##### Information provided #####

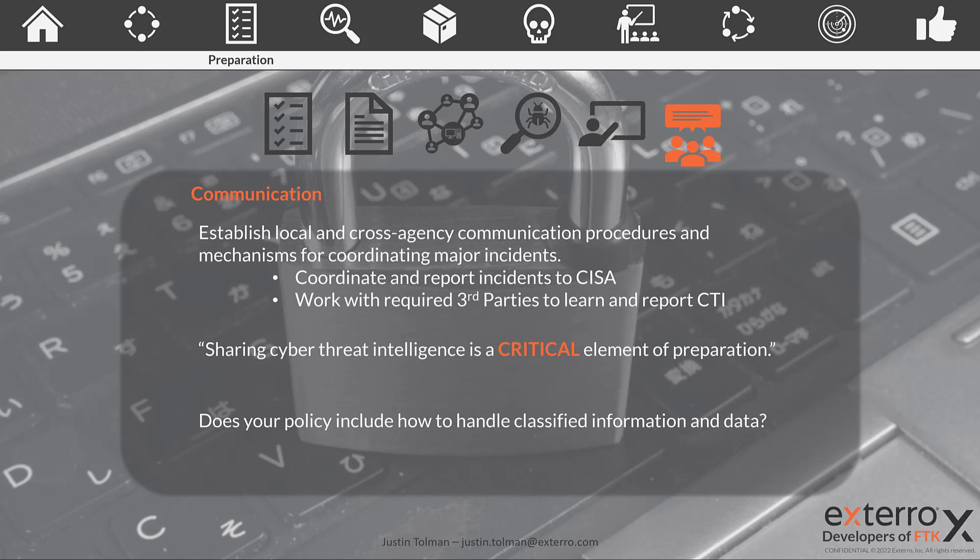We should also be working with third parties to learn about cyber threat intelligence. This is a direct quote from the playbook: sharing cyber threat intelligence is a critical element of preparation. We need to stop siloing and stop hoarding our information. We can share what we've learned among agencies without giving up critical information or increasing our risk — things like signatures found, methodologies, behaviors, and IP ranges we were attacked from. Use CISA to coordinate this communication.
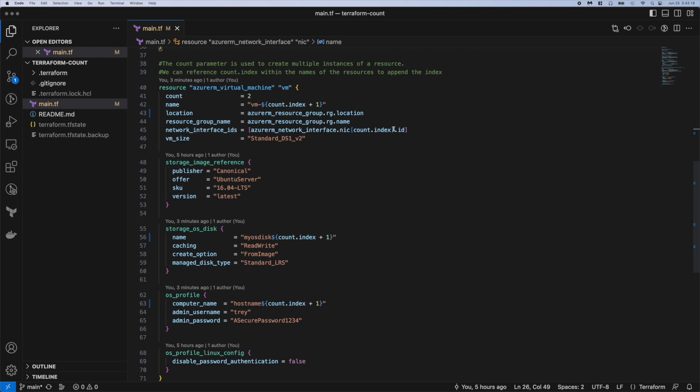So here again we see count.index in the network interface IDs. This is a required variable for creating a VM. And you can see here we're just referencing each NIC that we created just a second ago. So we created two NICs that have to correspond to two VMs. This is saying look at the NIC we just created. So this will be like NIC sub 0 ID and NIC sub 1 ID and those would correspond - NIC 1 goes to VM 1 and of course NIC 2 to VM 2.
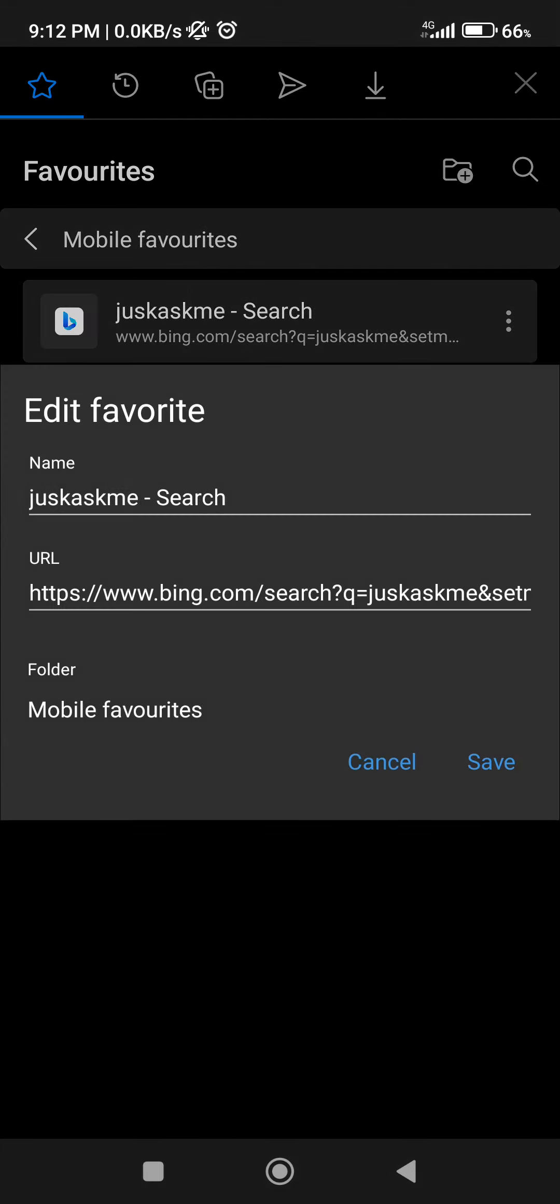If I click on the three dots I can do three things: edit, which allows me to edit the URL and the name of this bookmarked website; I can delete it; or I can click on Select. With Select I can select other items like the folder itself.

#####

▶ Exercise
Send back every line above exactly, skipping all pictures.

▶ Expected answer
We should also be working with third parties to learn about cyber threat intelligence. This is a direct quote from the playbook: sharing cyber threat intelligence is a critical element of preparation. We need to stop siloing and stop hoarding our information. We can share what we've learned among agencies without giving up critical information or increasing our risk — things like signatures found, methodologies, behaviors, and IP ranges we were attacked from. Use CISA to coordinate this communication.
So here again we see count.index in the network interface IDs. This is a required variable for creating a VM. And you can see here we're just referencing each NIC that we created just a second ago. So we created two NICs that have to correspond to two VMs. This is saying look at the NIC we just created. So this will be like NIC sub 0 ID and NIC sub 1 ID and those would correspond - NIC 1 goes to VM 1 and of course NIC 2 to VM 2.
If I click on the three dots I can do three things: edit, which allows me to edit the URL and the name of this bookmarked website; I can delete it; or I can click on Select. With Select I can select other items like the folder itself.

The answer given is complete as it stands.